Physics of Protein Function and Evolution: From Sequence-Structure to Sequence-Ensemble Relationships

Hue Sun Chan
Departments of Biochemistry and Molecular Genetics Depts of Biochemistry and Molecular Genetics,University of Toronto
Thursday, November 30, 2017 - 4:10pm
McLennan Physical Labs, Room 102
Invited Speaker Seminar
How might new protein folds evolve without detrimental effects on the biological function performed by the existing native folded structure? Because a protein's conformational ensemble encompasses all possible conformations---not only the native fold, selection of "latent", "promiscuous" traits encoded by nonnative conformations while the original function is largely preserved can be an efficient route to new function.

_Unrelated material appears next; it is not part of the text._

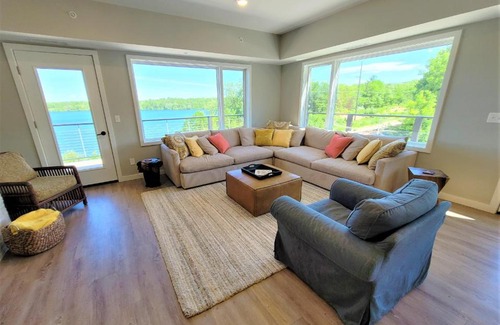Traverse City House | Premier Boardman Ridge Penthouse Steps from Town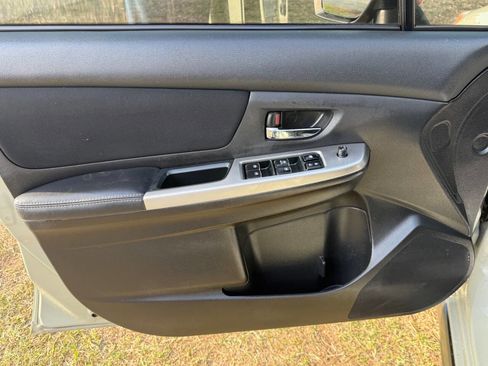 Used 2015 Subaru Crosstrek 2.0i Premium w/ Moonroof Package image 8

The "adaptive conflict" between the old fold and the new fold can then be resolved by gene duplication. It should be noted, however, that not all proteins function as folded structures. Intrinsically disordered proteins (IDPs) also perform critical functions. Remarkably, some IDPs function collectively by undergoing liquid-liquid phase separation in and around living cells. The resulting high-IDP phases create their own IDP-rich compartments, such as the nucleolus, to provide specific stimuli for critical biological functions. To gain physical insights into these fascinating phenomena, I will discuss our recent efforts in using simple computational models and analytical theory to elucidate how new protein folds might have arisen in evolution and how biologically functional IDP phase separation is governed by their genetically-coded amino acid sequences.